Importar ideias à bruta


Eremita

Nunca digas: "desta água não beberei", sobretudo se já a bebeste. Confesso ter discutido o Criacionismo com um protestante lusitano, um debate importado dos EUA, sem grande tradição e nenhuma relevância em Portugal, porque o ensino da Evolução não está em perigo. Mas em minha defesa poderia argumentar que nunca debati o Criacionismo embuído de um espírito de missão, como se desse ao tema a relevância de um problema ou ameaça social.

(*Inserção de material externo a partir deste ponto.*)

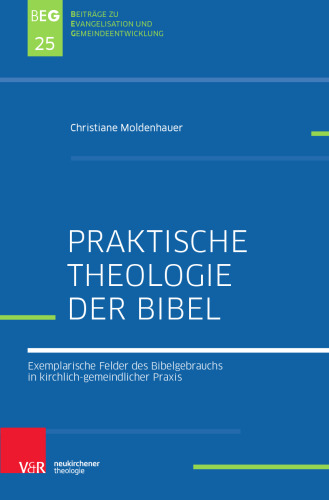 Praktische Theologie der Bibel: Exemplarische Felder des Bibelgebrauchs in kirchlich-gemeindlicher Praxis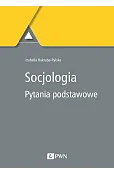 Socjologia. Pytania podstawowe
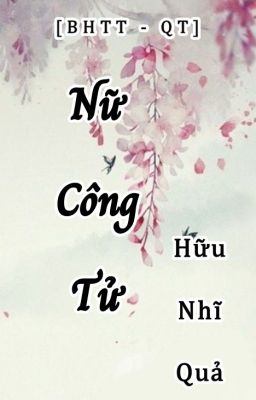 [BHTT - QT] NỮ CÔNG TỬ - Hữu Nhĩ Quả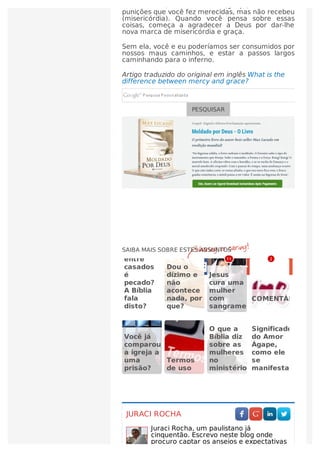 não merece, mas recebeu (graça) e todas as
punições que você fez merecidas, mas não recebeu
(misericórdia). Quando você pensa sobre essas
coisas, começa a agradecer a Deus por dar-lhe
nova marca de misericórdia e graça.
Sem ela, você e eu poderíamos ser consumidos por
nossos maus caminhos, e estar a passos largos
caminhando para o inferno.
Artigo traduzido do original em inglês What is the
difference between mercy and grace?
PESQUISAR
JURACI ROCHA
Juraci Rocha, um paulistano já
cinquentão. Escrevo neste blog onde
procuro captar os anseios e expectativas
    
SAIBA MAIS SOBRE ESTES ASSUNTOS
entre
casados ​​
é
pecado?
A Bíblia
fala
disto?
Dou o
dízimo e
não
acontece
nada, por
que?
Jesus
cura uma
mulher
com
sangramento
COMENTÁRIOS
Você já
comparou
a igreja a
uma
prisão?
Termos
de uso
O que a
Bíblia diz
sobre as
mulheres
no
ministério?
Significado
do Amor
Ágape,
como ele
se
manifesta?
1111 22
 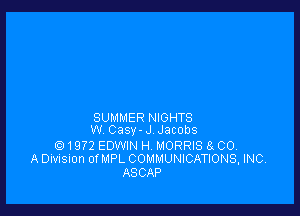 SUMMER NIGHTS
w Casy-J Jacobs
Q 1972 EDWIN H MORRIS a CO.
A Divisnon orMPL COMMUNICATIONS, INC.
ASCAP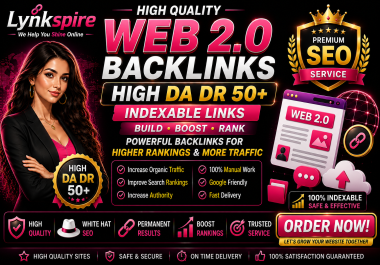 I Will DO Manual 100 Web2.0 Backlinks High DA/DR 50+ Indexable Dofollow Seo Backlinks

Pelo contrário, a mais recente crónica de Henrique Raposo no Expresso, intitulada "Requiem dos machos", é um exemplo perfeito da moda de importar debates que apanhamos de ouvido na imprensa estrangeira e não se adequam à nossa realidade. Henrique Raposo leu coisas na The Atlantic e vem dizer-nos que os rapazes, por causa da internet, dos gadgets e da "destruição dos códigos e actividades masculinas", já não se interessam por sexo. Meus amigos, num país a atravessar uma grave crise de natalidade, isto é prosa incendiária. E o tom não podia ser mais alarmista: "Jovens e velhos enforcam-se como nunca". Mas que jovens? Os norte-americanos? Os japoneses, citados en passant na crónica? Os adolescentes portugueses, que começam a ter sexo quando Raposo ainda nem brincava com a pilinha? E, sabendo nós que o suicídio entre os velhos diminuiu nos EUA, em Portugal e até no Japão, a quem se refere Raposo? O cronista não nos esclarece, talvez por um assomo de consciência. É ao leitor que cabe compor uma demografia inventada, feita de velhos do Baixo-Alentejo e de jovens japoneses. É o leitor que tem depois de sacudir da cabeça o nexo causal absurdo entre a perda de "códigos" masculinos e o desinteresse pelo sexo que acaba por conduzir ao suicídio. Saberá Raposo que, nos EUA, o grupo que teve o maior aumento relativo de suicídio nos últimos anos foi o das raparigas? Fica ainda a pergunta: que pensará Raposo do seppuku, o ritual de suicídio entre samurais? Será um "código" masculino útil? Um suicídio, certo, mas um suicídio à homem, que devemos preservar como tradição?

 

Há uns anos, estavam na moda os livros e artigos sobre o declínio dos homens, uma decadência social e até biológica. Em pouco tempo, estas teses fortaleceram os até então vestigiais movimentos de defesa dos direitos dos homens (em rigor, dos machos que não podem reclamar-se de nenhuma minoria), já descritos como a melhor forma de recrutar rapaziada para a Alt-right, que faz da defesa dos direitos dos homens, supostamente ameaçados pelo politicamente correcto e um feminismo galopante, uma das suas grandes causas. Semanas depois dos confrontos de Charlottesville, esta converseta de Raposo sobre os direitos dos homens e os "códigos" masculinos é de uma candura insustentável.